DPD lahir dengan semangat untuk memperkuat sistem demokrasi di Indonesia. Kekuasaan penyelenggaraan Negara yang terpusat di lembaga eksekutif selama beberapa dekade telah menimbulkan disparitas sosial dan ekonomi antara pemerintah pusat dan pemerintah daerah. Segala keputusan yang terkait dengan kepentingan daerah ditentukan oleh pemerintah pusat. Kondisi inilah yang ingin diubah dengan melahirkan lembaga DPD yang diharapkan dapat menjembatani kepentingan masyarakat dan pemerintah daerah dengan pemerintah pusat. Reni Dwi Purnomowati, dalam bukunya yang berjudul Implementasi Sistem Bikameral Dalam Parlemen Indonesia, menjelaskan bahwa DPD memiliki fungsi penting dan strategis dalam menyerap aspirasi daerah agar daerah mempunyai wadah dalam menyuarakan kepentingannya dalam sistem ketatanegaraan Indonesia.[1]

Eksistensi DPD telah membangkitkan harapan masyarakat di daerah bahwa kepentingan daerah dan masalah-masalah yang dihadapi daerah dapat diangkat dan diperjuangkan pada tingkat nasional. Melalui DPD ini diharapkan mampu menjamin dan menampung perwakilan kepentingan daerah-daerah secara memadai, serta memperjuangkan aspirasi dan kepentingan daerah dalam lembaga legislatif. Hal ini bukan berarti kepentingan nasional akan terkurangi, karena bagaimanapun juga DPD adalah lembaga Negara yang bersifat nasional, sebagaimana Dewan Perwakilan Rakyat Republik Indonesia.

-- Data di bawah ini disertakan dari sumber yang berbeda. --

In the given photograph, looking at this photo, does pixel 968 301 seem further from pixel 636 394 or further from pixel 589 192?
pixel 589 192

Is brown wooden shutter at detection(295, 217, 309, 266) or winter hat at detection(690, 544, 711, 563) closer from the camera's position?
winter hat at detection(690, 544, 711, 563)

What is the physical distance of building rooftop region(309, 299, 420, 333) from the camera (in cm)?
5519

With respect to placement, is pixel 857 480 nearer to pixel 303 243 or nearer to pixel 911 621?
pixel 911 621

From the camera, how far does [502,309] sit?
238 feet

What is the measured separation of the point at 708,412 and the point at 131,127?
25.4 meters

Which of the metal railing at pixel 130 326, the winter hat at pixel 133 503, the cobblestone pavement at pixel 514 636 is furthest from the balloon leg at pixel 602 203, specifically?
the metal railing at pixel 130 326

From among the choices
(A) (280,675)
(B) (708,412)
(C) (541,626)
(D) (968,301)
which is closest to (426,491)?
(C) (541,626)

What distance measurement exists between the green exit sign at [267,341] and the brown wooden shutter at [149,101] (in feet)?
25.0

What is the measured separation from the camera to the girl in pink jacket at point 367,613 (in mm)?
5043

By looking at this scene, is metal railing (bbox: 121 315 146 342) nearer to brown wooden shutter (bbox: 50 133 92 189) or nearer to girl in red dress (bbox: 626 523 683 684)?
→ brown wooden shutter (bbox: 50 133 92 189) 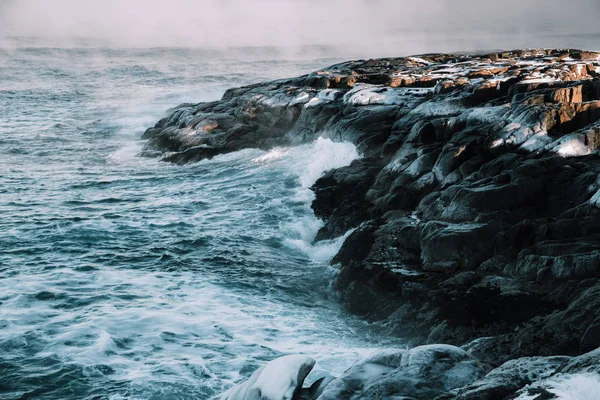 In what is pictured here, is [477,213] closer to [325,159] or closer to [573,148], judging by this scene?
[573,148]

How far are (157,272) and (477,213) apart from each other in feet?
27.8

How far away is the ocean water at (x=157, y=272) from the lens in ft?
40.6

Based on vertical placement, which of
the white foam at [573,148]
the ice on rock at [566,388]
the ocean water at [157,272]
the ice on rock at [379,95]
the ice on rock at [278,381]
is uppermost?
the ice on rock at [379,95]

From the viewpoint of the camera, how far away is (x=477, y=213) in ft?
48.1

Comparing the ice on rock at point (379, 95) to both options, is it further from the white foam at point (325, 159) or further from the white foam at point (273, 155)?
the white foam at point (273, 155)

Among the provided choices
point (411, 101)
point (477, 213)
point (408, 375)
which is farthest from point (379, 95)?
point (408, 375)

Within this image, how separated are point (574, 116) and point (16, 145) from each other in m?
28.8

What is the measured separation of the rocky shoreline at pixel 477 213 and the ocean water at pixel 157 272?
104cm

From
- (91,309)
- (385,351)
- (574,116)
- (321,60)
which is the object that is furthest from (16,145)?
(321,60)

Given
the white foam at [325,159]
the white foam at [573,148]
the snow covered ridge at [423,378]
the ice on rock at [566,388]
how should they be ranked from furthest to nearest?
the white foam at [325,159] < the white foam at [573,148] < the snow covered ridge at [423,378] < the ice on rock at [566,388]

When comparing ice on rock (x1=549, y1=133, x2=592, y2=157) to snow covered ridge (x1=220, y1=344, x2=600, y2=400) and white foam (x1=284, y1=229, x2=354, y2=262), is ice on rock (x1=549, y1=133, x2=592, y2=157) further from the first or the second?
snow covered ridge (x1=220, y1=344, x2=600, y2=400)

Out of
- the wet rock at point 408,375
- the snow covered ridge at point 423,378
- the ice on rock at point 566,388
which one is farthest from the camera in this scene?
the wet rock at point 408,375

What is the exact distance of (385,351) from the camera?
8.70 meters

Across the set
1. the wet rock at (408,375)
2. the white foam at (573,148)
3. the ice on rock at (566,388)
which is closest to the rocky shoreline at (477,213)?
the white foam at (573,148) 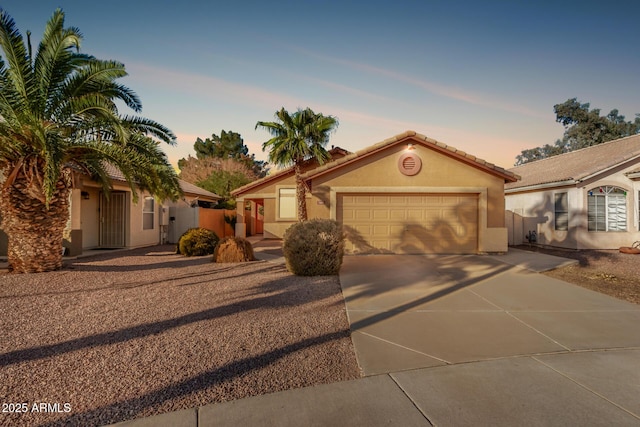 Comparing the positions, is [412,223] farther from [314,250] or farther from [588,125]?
[588,125]

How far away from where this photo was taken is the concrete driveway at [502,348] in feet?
10.4

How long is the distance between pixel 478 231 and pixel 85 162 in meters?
13.4

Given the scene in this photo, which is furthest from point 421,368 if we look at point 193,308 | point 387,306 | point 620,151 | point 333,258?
point 620,151

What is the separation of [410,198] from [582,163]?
10118 millimetres

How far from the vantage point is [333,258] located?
9.13 m

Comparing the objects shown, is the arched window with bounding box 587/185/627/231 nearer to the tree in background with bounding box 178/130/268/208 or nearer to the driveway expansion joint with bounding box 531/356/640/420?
the driveway expansion joint with bounding box 531/356/640/420

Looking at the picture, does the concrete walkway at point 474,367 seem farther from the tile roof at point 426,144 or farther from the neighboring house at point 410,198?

Namun perbedaan terletak pada mekanisme pemilihannya dan persyaratan pencalonan anggotanya lebih banyak dikaitkan dengan daerah, bukan penduduk.

Beberapa hal diatas merupakan gambaran singkat terkait tujuan dari pada di bentuknya lembaga DPD di Indonesia, akan tetapi apabila kita melihat pada wilayah Peraturan perundang-undangn kewenangan yang dimiliki oleh DPD sangat tidak berbanding lurus dengan tujuan dibentuknya lembaga DPD ini. Dan tentu karena judul makalah ini adalah kelumpuhan wewenang DPD dalam proses legislasi, maka disini hanya akan dibahas terkait lemahnya kewenangan DPD dalam proses legislasi di Indonesia.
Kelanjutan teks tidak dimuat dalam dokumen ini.